After locating the line that bears "Two-story wooden lodge", restate word for word that line and the rest of the listing to its final line, excluding all pictures.

**Available data**
━━━━━━━━━━━━━━━━━━━━
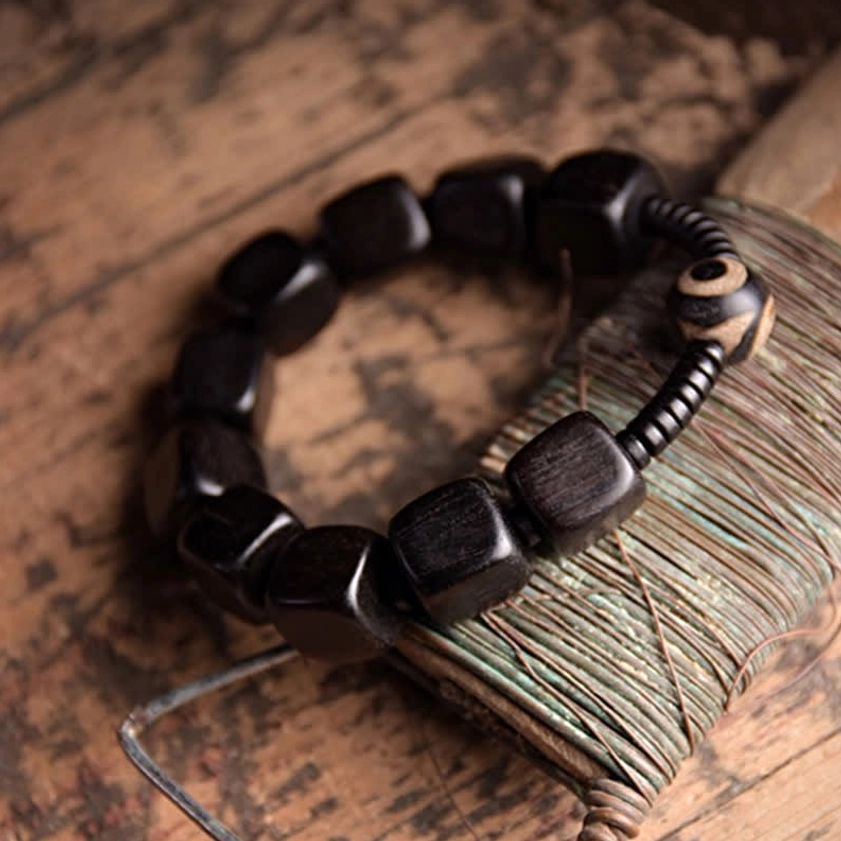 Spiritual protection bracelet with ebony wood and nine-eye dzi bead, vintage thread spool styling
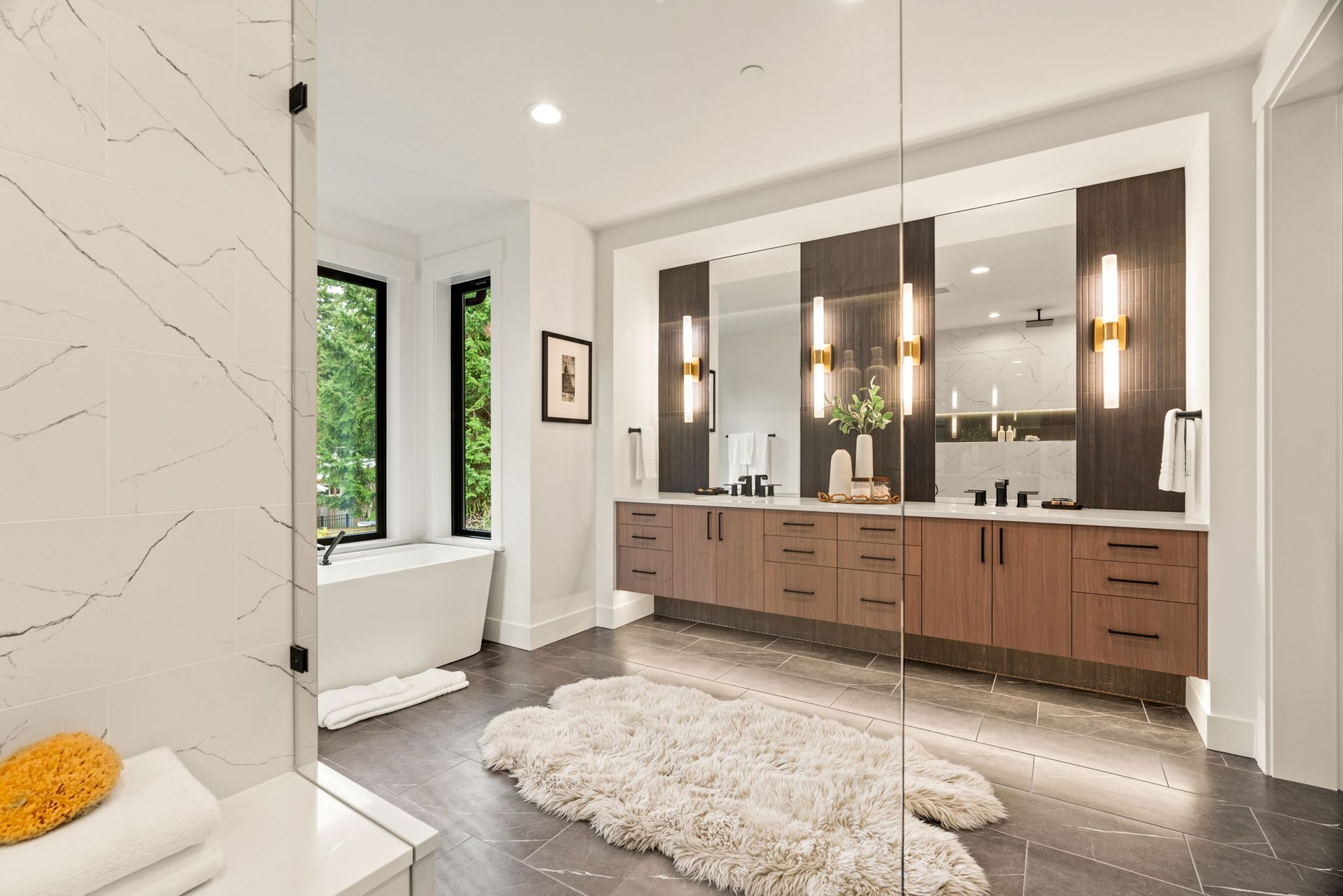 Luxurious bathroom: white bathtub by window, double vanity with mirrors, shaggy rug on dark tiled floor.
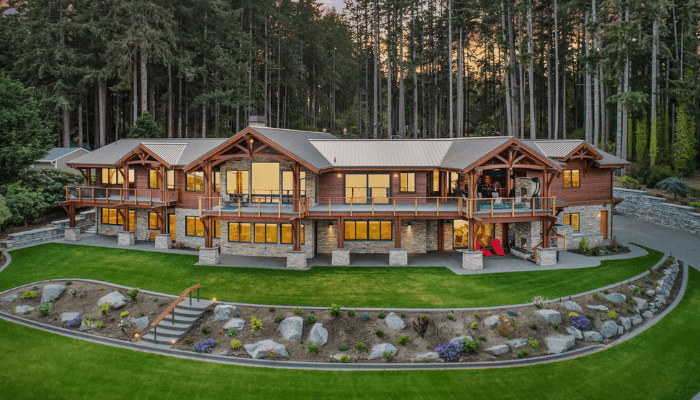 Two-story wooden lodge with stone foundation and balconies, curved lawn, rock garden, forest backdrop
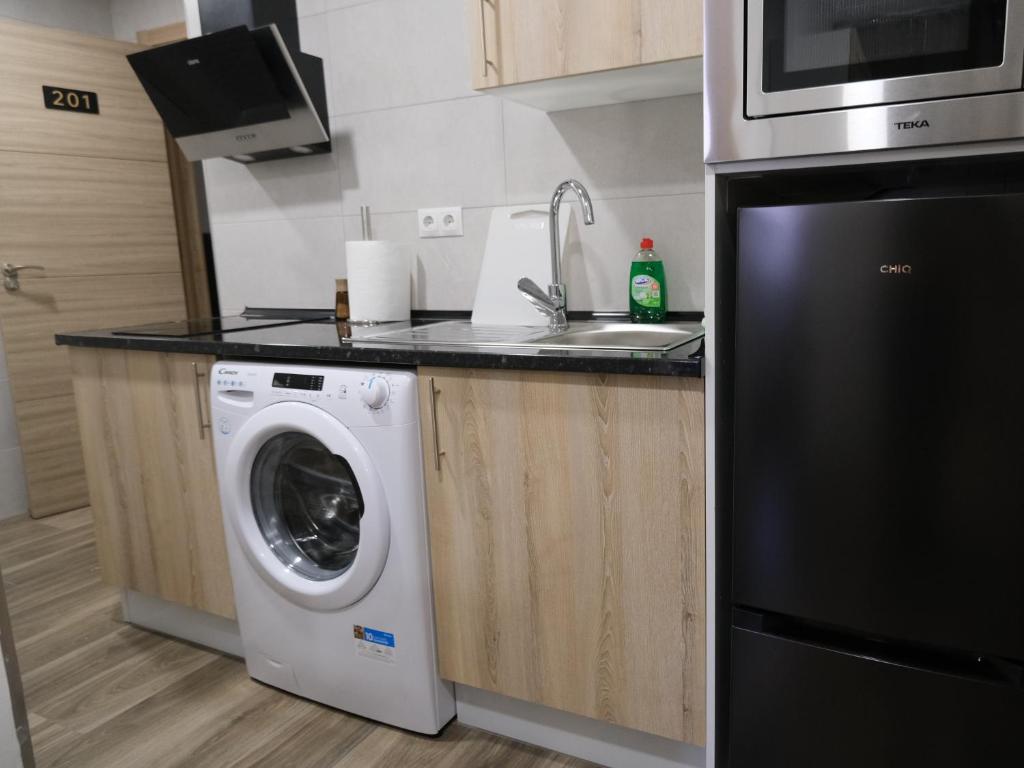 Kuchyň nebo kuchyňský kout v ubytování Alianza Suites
━━━━━━━━━━━━━━━━━━━━
**The answer**
 Two-story wooden lodge with stone foundation and balconies, curved lawn, rock garden, forest backdrop
 Kuchyň nebo kuchyňský kout v ubytování Alianza Suites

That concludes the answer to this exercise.